For his admirers and critics alike, Ethiopia's late prime minister, Meles Zenawi, leaves behind a potent political legacy. He will be remembered as an African leader of major historical significance: visionary, despotic, and indispensable.

BRUSSELS – The recent death in Brussels of Ethiopian Prime Minister Meles Zenawi finally brings to light what lay behind his mysterious two-month disappearance from public life. Ethiopia’s government had strenuously denied rumors of serious ill health caused by liver cancer. Now that the worst has, indeed, proven true, Ethiopia and all of East Africa will need to learn to live without the stabilizing influence of its great dictator-diplomat.

Meles was certainly both. Ethiopia has undergone a remarkable transformation under his strongman rule since 1991, when his Tigrayan minority group from the country’s north came to power with the overthrow of the odious Communist Derg led by Mengistu Haile Mariam (still enjoying a comfortable retirement in Robert Mugabe’s Zimbabwe).

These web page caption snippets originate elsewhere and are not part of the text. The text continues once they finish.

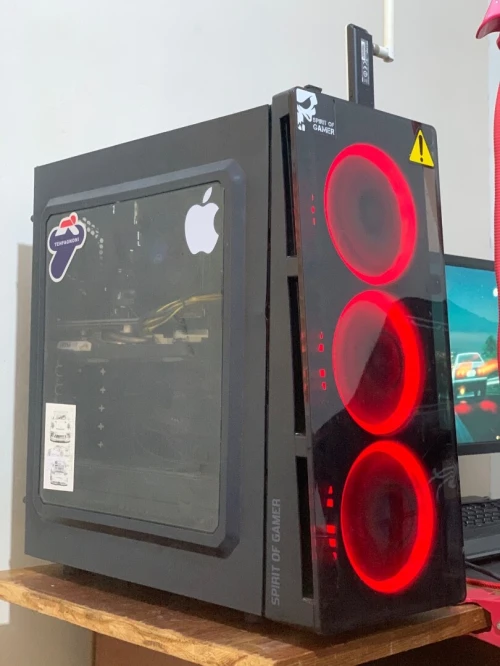 PC GAMER
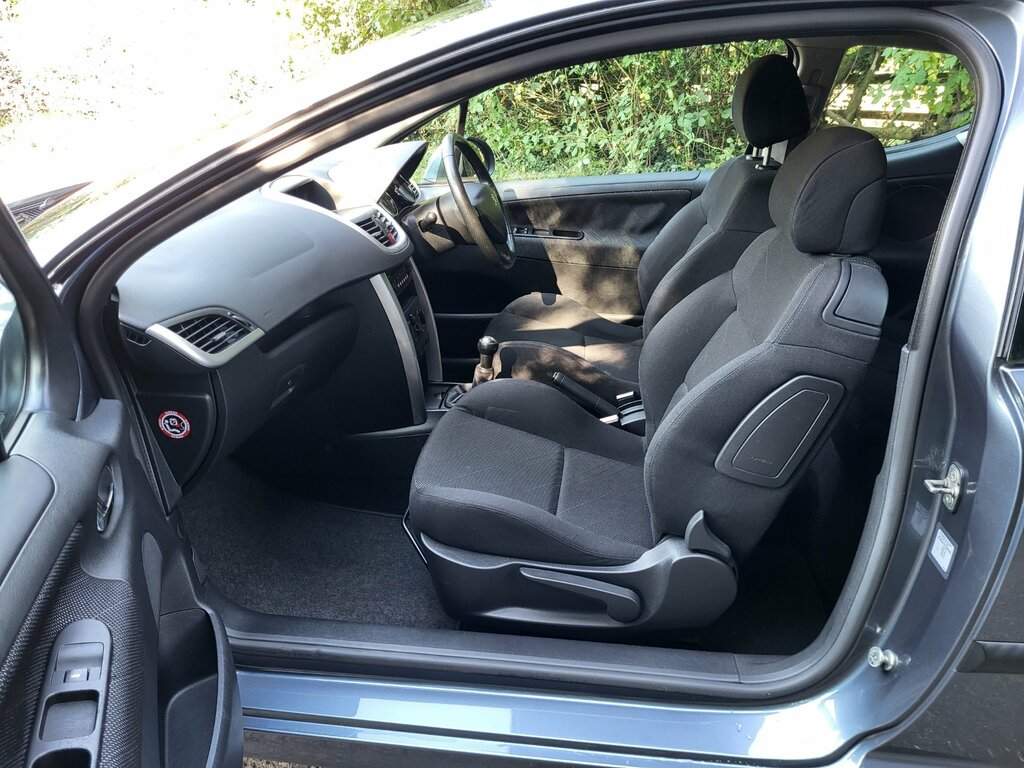 Peugeot 207 S Blue #19
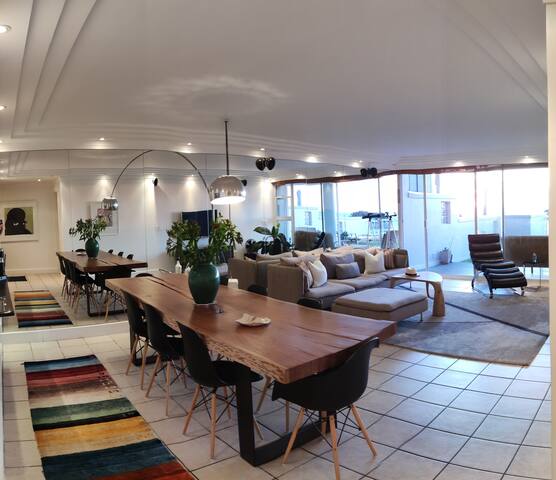 Bantry Bay Oceanfront Luxury Apartment I Sleeps 6 gallery image 4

Initially serving as the president of the first post-Derg government, and then as Ethiopia’s prime minister from 1995 until his death, Meles (his nom de guerre in the revolution) oversaw 7.7% annual GDP growth in recent years. Strong economic performance is somewhat surprising, given his party’s interventionist policy approach, but Meles showed himself to be a consummate pragmatist in attracting investment – particularly from China – to drive growth.